|I got a corded drill to help me mill|
Over a year ago I set out to brew my first Belgium Quadrupel aka quad which I tongue-in-cheek called Westbennetteren 12. Not only did it become one of best beers I've brewed (in my opinion) but helped to kick off QuadFest along with Shawn and Daniel. If you recall from the post we had such a good time we already started planning the 2013 event. To make the date I needed to get brewing!
According to my notes from QuadFest 2012
I'm very pleased with how it came out. Lots of nice dark stone fruit flavor. Great character from the yeast. Slightly high level of carbonation but not as bad as I had feared. Similar to the Westvleteren but not as dead on as I was hoping for. It was definitely a little darker and the taste was close but not right there. I had another bottle of it the next day and took some notes for a tasting analysis. Next year I'll follow some of Daniel's advice and simplify the grain bill even more going straight up plisner.
I decided after reviewing Daniel's recipe (which was actually pretty similar to mine) to keep the split between pale and plisner the same. Last year I think I ended up using US grain (despite my notes saying Bel) because it's special order at the shop as I found out when I tried to get Pale Malt (2 Row) Bel so I ended up using some of the 2 row I had on hand (I do love buying grain by the sack).
|A rainbow of flavor|
For the sugar portion I again sought out syrup from Candi Syrup Inc.
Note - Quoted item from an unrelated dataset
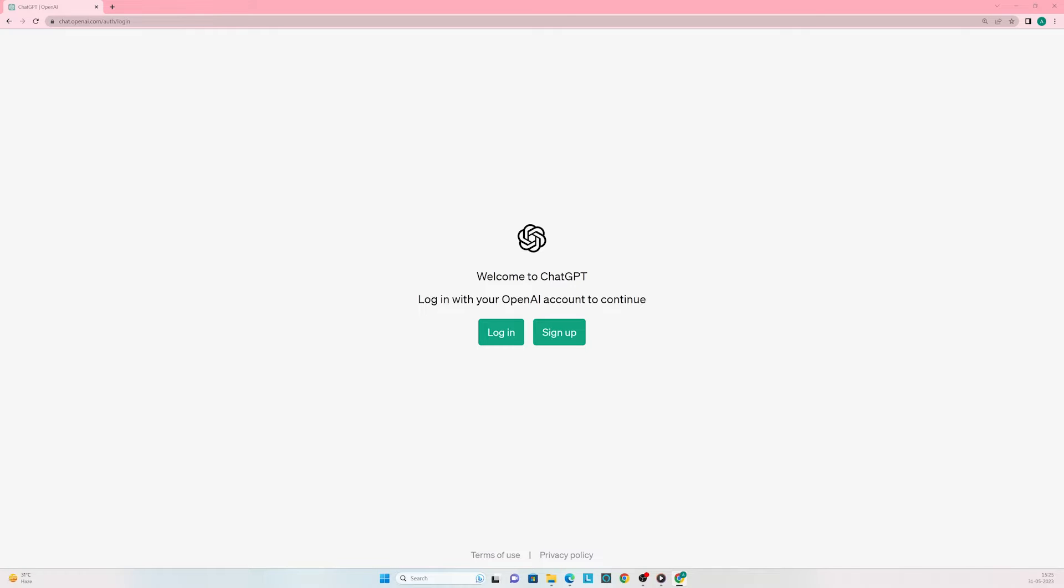You'll be directed to the following page. You can choose to log in if you already have an account or sign up if you don't have an account. I'll click on login.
In order to lighten in up and modify the flavor slighty to try and get it more in line with Westvleteren 12 I changed the amount of D-180 from 2 lb to 1 lb and made up for it by adding a pound of D-45. So my order to Candi Syrup Inc was pretty much one of every syrup they offered (I use Simplicity to prime) with the exception of Golden.
If I recall the logic behind my hop schedule from last year I might have grabbed the Northdown thinking that they were a sub for Goldings which I couldn't find. This year I was able to find some Goldings so I made that switch.
I briefly toyed with the idea of using East Coast Yeast Trappist Ale (ECY13) but between price, availability and time I decided to stick with good old WLP530 Abbey Ale from White Lab. To build the projected 336.3 billion yeast cells needed I made a 6 pint starter and tossed it on my stir plate a few days in advance. For some reason BeerSmith 2 stops calculating yeast cell build after 4 pints (which ended up at 465.9 billion) so I know I was nicely north of the required amount.
As before when it came to temperature I took to the mid 80s for the initial fermentation. I actually got there a little fast (oh no) due to some issues with the balancing act as ask my fermentation cube to do for warming beers. I got it under control and will start lowing it as soon as it enters the below 1.020 range. After that it will be a nice 6 months of bulking conditioning at lager temps.